The Company has changed its object clause by adding business activity Information Technology and related activities alongside its existing business activities. Consequently, the name of the Company has been changed from Ashok Alco-Chem Limited to Aeonx Digital Technology Limited effective from 29 December, 2023. Furthermore, BSE Ltd. approved the application for the change of name on 19 March, 2024, and accordingly, a new script ID AEONXDIGI has been provided for the BOLT Plus System.

DIRECTORS AND KEY MANAGERIAL PERSONNEL (KMP)

Retirement by Rotation

In accordance with the provisions of Section 152 of the Companies Act, 2013 and the Articles of Association of your Company, Mr. Manan Shah (DIN : 06378095), retires by rotation at the ensuing Annual General Meeting and being eligible has offered himself for re-appointment.

The details as required under the provisions of the Companies Act and Listing Regulations are provided in the Notice convening the ensuing Annual General Meeting.

Appointment/Re-Appointment of Director

The Board of Directors, on the recommendation of Nomination and Remuneration Committee, at its meeting held on 14 August, 2024, appointed Mr. Viraj Mehta (DIN: 09226350) as an Additional Director in the capacity of Independent Director for a term of five consecutive years, subject to the approval of the Shareholders of the Company.

An ordinary resolution seeking approval of the shareholders for his appointment as Non-Executive, Independent Director on the Board of Directors of the Company forms part of Notice convening 32 Annual General Meeting.

The relevant details of Mr. Viraj Mehta as required pursuant to the provisions of the Companies Act, 2013 and the Listing Regulations are furnished in the Notice of the 32 Annual General Meeting.

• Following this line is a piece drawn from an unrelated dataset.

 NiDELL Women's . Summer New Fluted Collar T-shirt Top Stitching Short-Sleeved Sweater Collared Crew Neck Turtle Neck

The Board is of the opinion that the Independent Directors appointed during the year under review are person(s) of integrity and possess core skills/expertise/competencies (including the proficiency) as identified by the Board of Directors as required in the context of Company's business(es) and sector(s) for the Company to function effectively.

Independent Directors

The following Non-Executive Directors are Independent Directors in terms of the provisions of section 149(6) of the Act read with the provisions of the SEBI (Listing Obligations and Disclosure Requirements) Regulations, 2015 (hereinafter referred to as "Listing Regulations").

a) Mr. Manoj Ganatra b) Mr. Shekhaar Shetty c) Mrs. Hina Shah d) Mr. Ketan Shrimankar e) Mr. Viraj Mehta (Appointed w.e.f 14.08.2024)

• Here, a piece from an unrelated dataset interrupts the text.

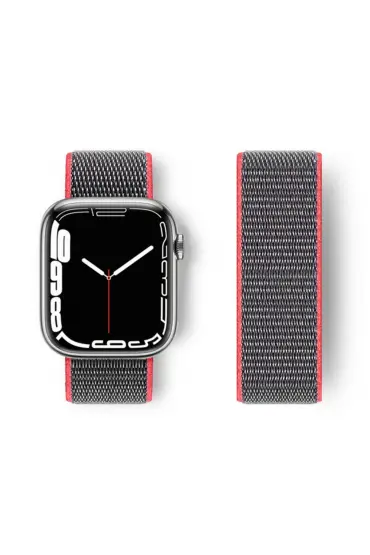  Apple Watch 38mm Hasırlı Cırtcırtlı Kordon - Ürün Rengi : Pembe-Gri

The said Independent Directors are not liable to retire by rotation. The Company has received declarations from all the Independent Directors confirming that:-

l they meet the criteria of independence as prescribed under Section 149(6) of the Act and Regulation 16(1)(b) of the Listing Regulations and are independent from the management and there has been no change in the circumstances which may affect their status as independent director during the year. l they have registered their names in the Independent Directors' Databank.

Non-Executive Directors

The Non-Executive Directors were not paid any remuneration other than the sitting fees and reimbursement of expenses incurred by them for the purpose of attending meetings of the Company.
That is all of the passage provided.